A Nike logo is displayed on sports clothes at a Dick's Sporting Goods store in Paramus, N.J. (Victor J. Blue/Bloomberg)

Nike thought the unofficial name for the shoe (see a picture here) referred to the drink, which mixes a pale ale beer and a dark beer — but it also is a name for a violent paramilitary group that suppressed the Irish during their war of independence in the early 1920s. In the Belfast Telegraph, Ciaran Staunton, president of the U.S.-based Irish Lobby for Immigration Reform, asked, “Is there no one at Nike able to google Black and Tan?”

Nike has since apologized:

“This month Nike is scheduled to release a quick strike version of the Nike SB Dunk Low that has been unofficially named by some using a phrase that can be viewed as inappropriate and insensitive. We apologize.  No offense was intended” said Nike spokesman Brian Strong.

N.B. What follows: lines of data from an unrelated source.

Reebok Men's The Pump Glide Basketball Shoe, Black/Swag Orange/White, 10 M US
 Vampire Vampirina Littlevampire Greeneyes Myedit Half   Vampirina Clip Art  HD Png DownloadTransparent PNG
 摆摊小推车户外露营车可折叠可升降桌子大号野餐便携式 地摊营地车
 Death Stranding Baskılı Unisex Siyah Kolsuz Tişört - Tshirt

The dual meaning of “Black and Tan” has gotten other companies in trouble, too — Ben & Jerry’s had to apologize in 2006 for their Black & Tan ice cream, which tasted like cream stout and chocolate. And though Urban Outfitters avoided references to the Black and Tan, they retailer has been criticized by Irish groups this year for its line of T-shirts, which they say promotes offensive stereotypes of the Irish by focusing on binge drinking.

Consumerist reports that Irish people would never order a Black and Tan, anyway, according to Brian Boyd of the Irish Times — “not only because of the terrible associations with the group, but because real Irish don’t dilute their Guinness.”

*This story previously misidentified the war that the Black and Tans fought. It was the Irish War of Independence.